586 (Tex. 2015) (orig. proceeding). A party seeking dismissal under the TCPA has the

initial burden to demonstrate that the “legal action is based on or is in response to . . . the

3 party’s exercise of: (A) the right of free speech; (B) the right to petition; or (C) the right of

association.” TEX. CIV. PRAC. & REM. CODE ANN. § 27.005(b)(1). If the defendant meets

this initial burden, then the plaintiff must establish by “clear and specific evidence a prima

facie case for each essential element of the claim in question” to avoid dismissal. Id.

§ 27.005(c). Even if the plaintiff makes this showing, the trial court must nevertheless

dismiss the action if the defendant “establishes an affirmative defense or other grounds

on which the [defendant] is entitled to judgment as a matter of law.” Id. § 27.005(d).

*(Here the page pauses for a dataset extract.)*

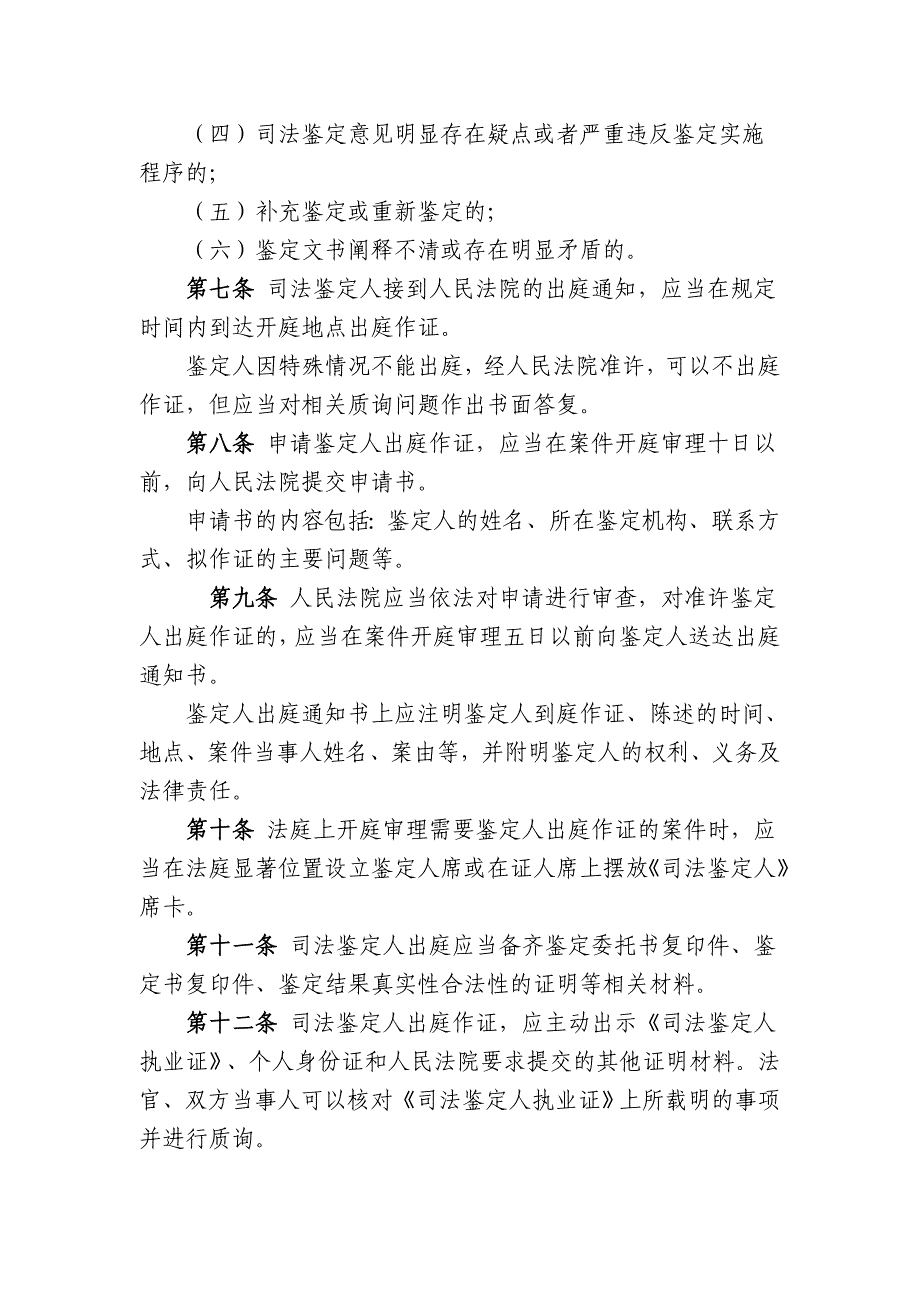 安徽省司法鉴定人出庭作证规则_第2页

Our review of a ruling on a TCPA motion to dismiss is de novo. Entravision

Commc’ns Corp. v. Salinas, 487 S.W.3d 276, 281 (Tex. App.—Corpus Christi–Edinburg

2016, pet. denied).

B. Analysis

Though Hurd and Paul disagree about why the TCPA applies, neither party

disputes its application in the underlying case. Parties may not judicially admit a question

of law. H.E. Butt Grocery Co. v. Pais, 955 S.W.2d 384, 389 (Tex. App.—San Antonio

1997, no pet.). Nor can they concede a question of law necessary to the proper disposition

of an appeal. Jackson Hotel Corp. v. Wichita Cnty. Appraisal Dist., 980 S.W.2d 879, 881

n.3 (Tex. App.—Fort Worth 1998, no pet.); Haas v. Voigt, 940 S.W.2d 198, 201 n.1 (Tex.

App.—San Antonio 1996, writ denied) (citing White v. Moore, 760 S.W.2d 242, 243 (Tex.

1988)). Thus, in the course of our de novo review we must determine whether the TCPA

applies to the underlying claims. The first question in our TCPA analysis is whether Paul’s

lawsuit is “based on[, relates to,] or is in response” to Hurd’s free-speech rights. See TEX.

CIV. PRAC. & REM. CODE ANN. § 27.005(b). An “[e]xercise of the right of free speech” is

4 defined as “a communication made in connection with a matter of public concern.” Id.

§ 27.001(3). “Communication” includes “the making or submitting of a statement or

document in any form or medium, including . . . electronic.” Id. § 27.001(1). Public-

concern matters include statements regarding the commission of a crime. Brady v.

Klentzman, 515 S.W.3d 878, 884 (Tex. 2017); MediaOne, L.L.C. v. Henderson, 592

S.W.3d 933, 940 (Tex. App.—Tyler 2019, pet. denied) (holding that publication reporting

criminal activity was a public-concern matter).

Hurd’s Facebook posts and Facebook Messenger messages are communications.

See TEX. CIV. PRAC. & REM. CODE ANN. § 27.001(1); Lippincott v.